▸ Action item
Once the images are set aside, output the listing exactly as it stands.

▸ Data provided
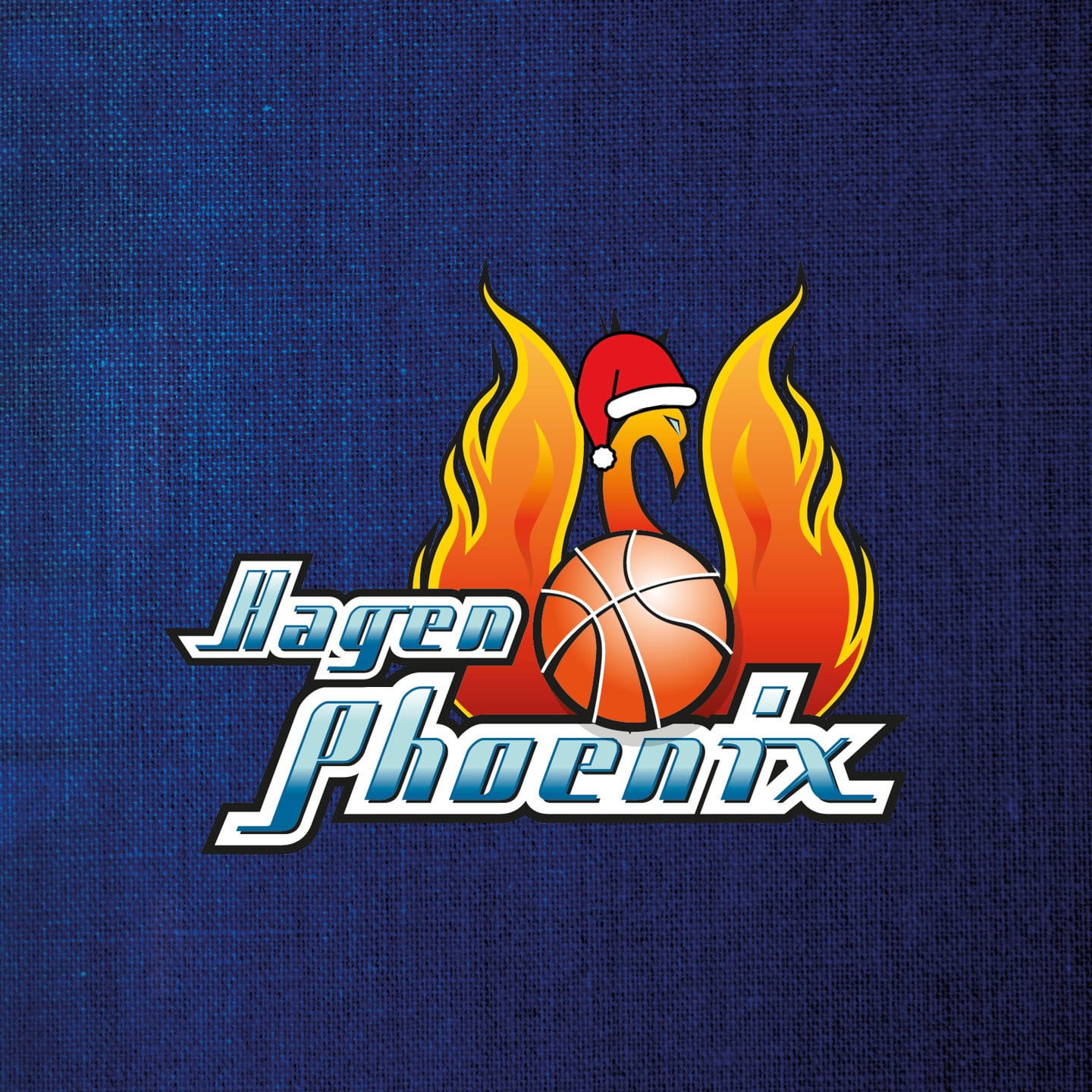 Logo von Hagen Phoenix auf dunkelblauem Hintergrund mit Basketball und Weihnachtsmütze im Design.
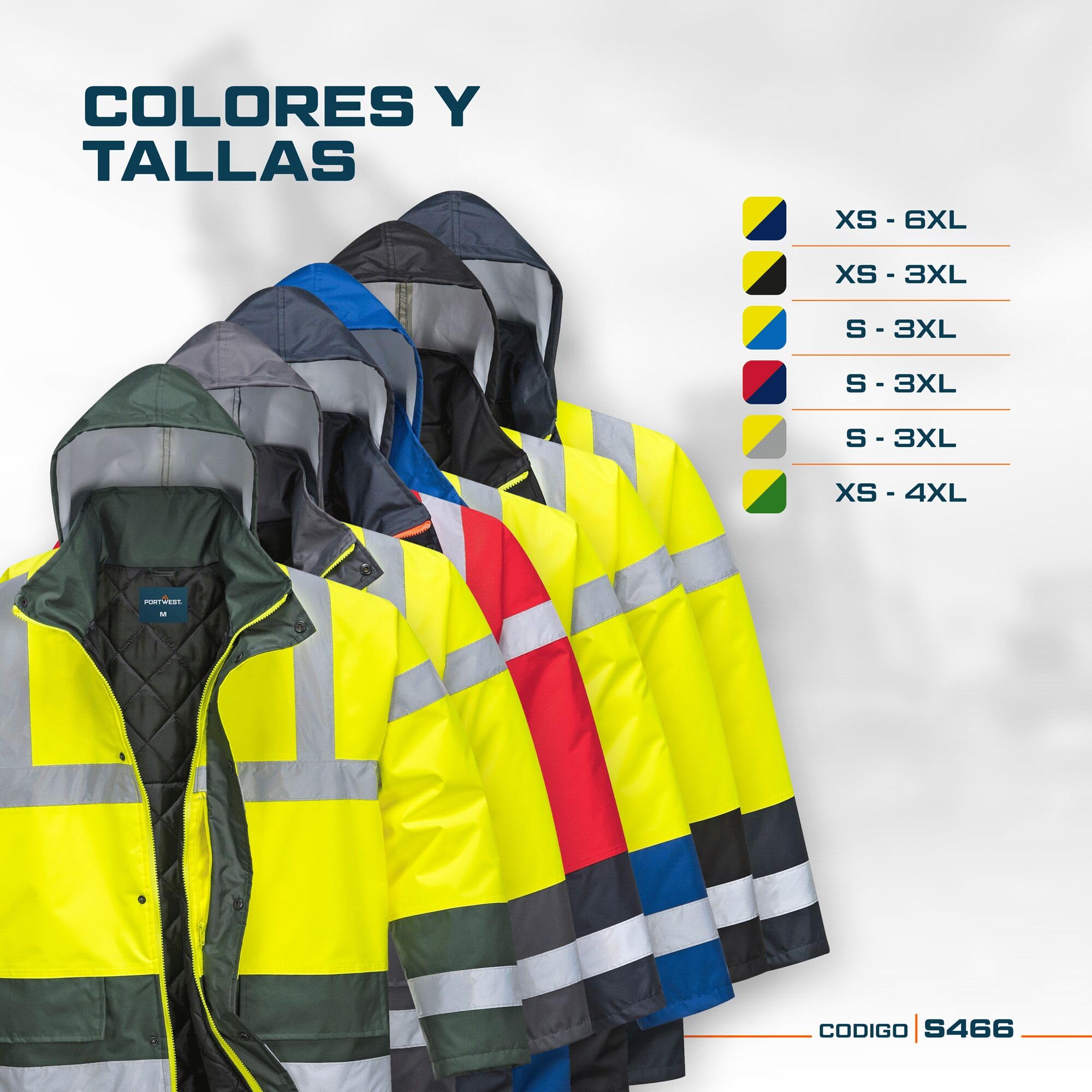 Portwest S466 Men's Waterproof Hi Vis Traffic Jacket - Reflective Safety Coat Yellow/Black, X-Small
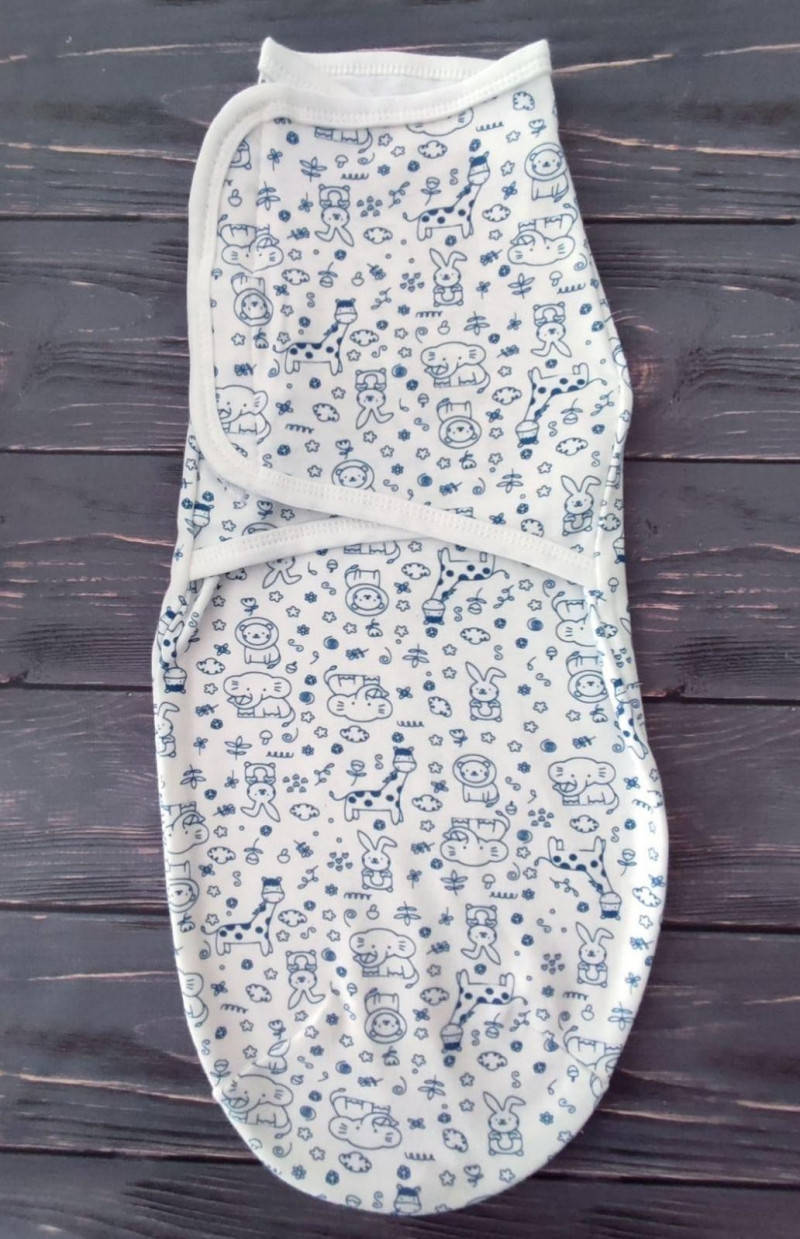 

Пеленка - кокон для новорожденных на липучке интерлок 0-3 мес., Голубой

▸ Response area
 Logo von Hagen Phoenix auf dunkelblauem Hintergrund mit Basketball und Weihnachtsmütze im Design.
 Portwest S466 Men's Waterproof Hi Vis Traffic Jacket - Reflective Safety Coat Yellow/Black, X-Small

Пеленка - кокон для новорожденных на липучке интерлок 0-3 мес., Голубой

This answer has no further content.